PROBABILITY OF INTEGER BEING DIVISIBLE BY 8:
If n is an integer from 1 to 96 (inclusive), what is the probability for N being divisible by 8 when N=n*(n+1)*(n+2)

A. 25%
B 50%
C 62.5%
D. 72.5%
E. 75%

N=n*(n+1)*(n+2)

Sol:

Let f(n) = n*(n+1)*(n+2)

The product of the three consecutive number will be divisible by 8 if the first of the 3 consecutive numbers is even.

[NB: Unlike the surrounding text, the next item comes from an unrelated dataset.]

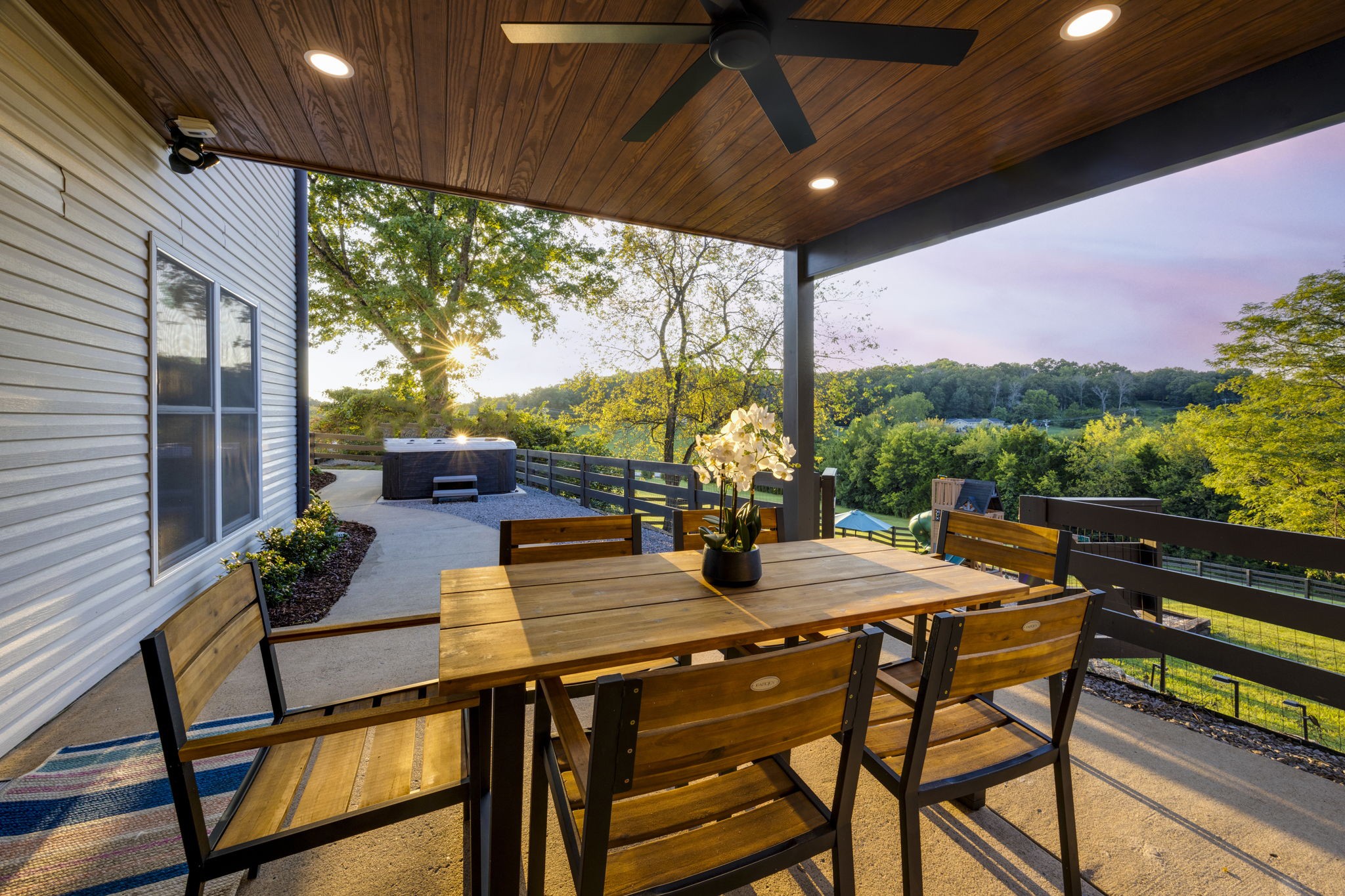 2700 Clayton Arnold Rd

f(2); the function becomes 2*3*4 will be divisible by 8 because 2 is even.
f(52), the function becomes 52*53*54 will be divisible by 8 because 52 is even
f(61), the function becomes 61*62*63 will NOT be divisible by 8 because 61 is odd

However, there is one more case where the function will be divisible by 8 even when first number of the three consecutive number is odd;
f(7): the function becomes 7*8*9; the middle term 8 is divisible by 8 and thus the entire function becomes divisible by 8.
f(63): the function becomes 63*64*65; the middle term 64 is divisible by 8 and thus the entire function becomes divisible by 8.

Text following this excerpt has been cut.